Kidney disease is the direct cause of over a million deaths globally each year. If Renalytix can sell its innovative, proven system into more healthcare groups, the scalability of its business model could generate higher revenues without adding costs at the same speed. In the long term I remain optimistic about the outlook, but recognise the risks involved.

Christopher Ruane owns shares in Renalytix.

Spirax-Sarco Engineering

What it does: Sprirax-Sarco Engineering is a UK-based industrial engineering company focused on thermal energy management

By Paul Summers: Cheltenham-based Sprirax-Sarco Engineering (LSE: SPX) is a high-quality company I’ve been monitoring for a while now. A world leader at what it does, the FTSE 100 member has long generated high margins and returns on the capital it invests. It’s these hallmarks that have been found to reward growth investors like me handsomely over time.

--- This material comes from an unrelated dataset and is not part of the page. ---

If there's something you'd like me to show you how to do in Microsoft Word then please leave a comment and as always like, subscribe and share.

The only problem with all this is that the stock has always looked extremely expensive. Until now, that is. A 40% slide in the share price in 2022 leaves Spirax trading at almost 28 times earnings. Granted, that’s still not cheap. However, the idea of beginning to build a position here for the long term now looks far more palatable. 

There’s always a chance things could get worse before they get better if we get a recession. However, high customer loyalty should mean the pain should be temporary.

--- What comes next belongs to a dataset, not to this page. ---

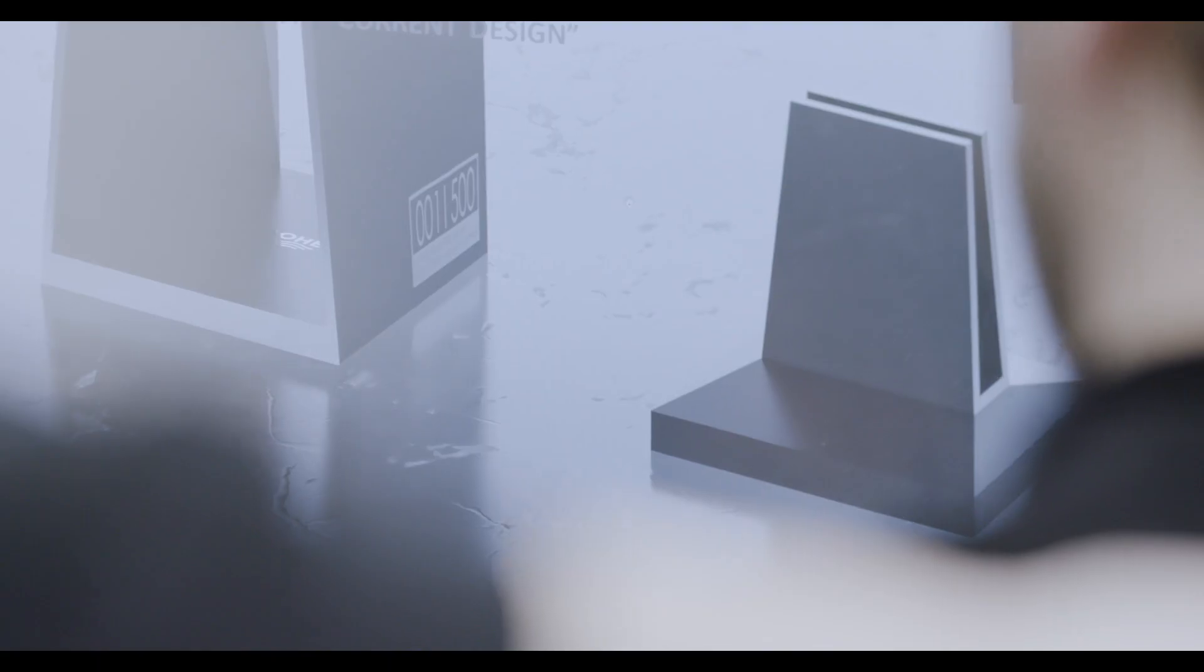We believe that impossible is a matter of perspective so we gave ourselves an incredible challenge transforming our regular faucet Allure Brilliant into a 3D printed iconic product.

Paul Summers does not own shares in Spirax-Sarco Engineering

Carnival

What it does: Carnival operates a list of renowned cruise line brands. It sells deals and cruise packages to popular destinations.

By John Choong. Carnival (LSE:CCL) was close to hitting a five-year low in June, but positive guidance provided in its most recent trading update sent its share price rocketing by more than 10%. While this is minuscule on the wider scale of things, there are reasons to be optimistic about a potential recovery.

Despite the firm missing analysts’ estimates on earnings per share, revenue and room occupancy rate, revenue grew by almost 50%. More importantly, I was impressed with the company’s future bookings. The figure came in nearly double of Q1 2022, marking its best figure since the beginning of the pandemic. This is something to cheer for, because future bookings bring in the much-needed cash Carnival requires to return to profitability.

Provided that travel tailwinds continue to persist, Carnival could pull off a monumental recovery, pay off its debt gradually, and even achieve positive free cash flow soon. As such, grabbing shares at the current price could be a steal for years to come.

John Choong has no position in Carnival

The Motley Fool UK has no position in any of the shares mentioned. Views expressed on the companies mentioned in this article are those of the writer and therefore may differ from the official recommendations we make in our subscription services such as Share Advisor, Hidden Winners and Pro. Here at The Motley Fool we believe that considering a diverse range of insights makes us better investors.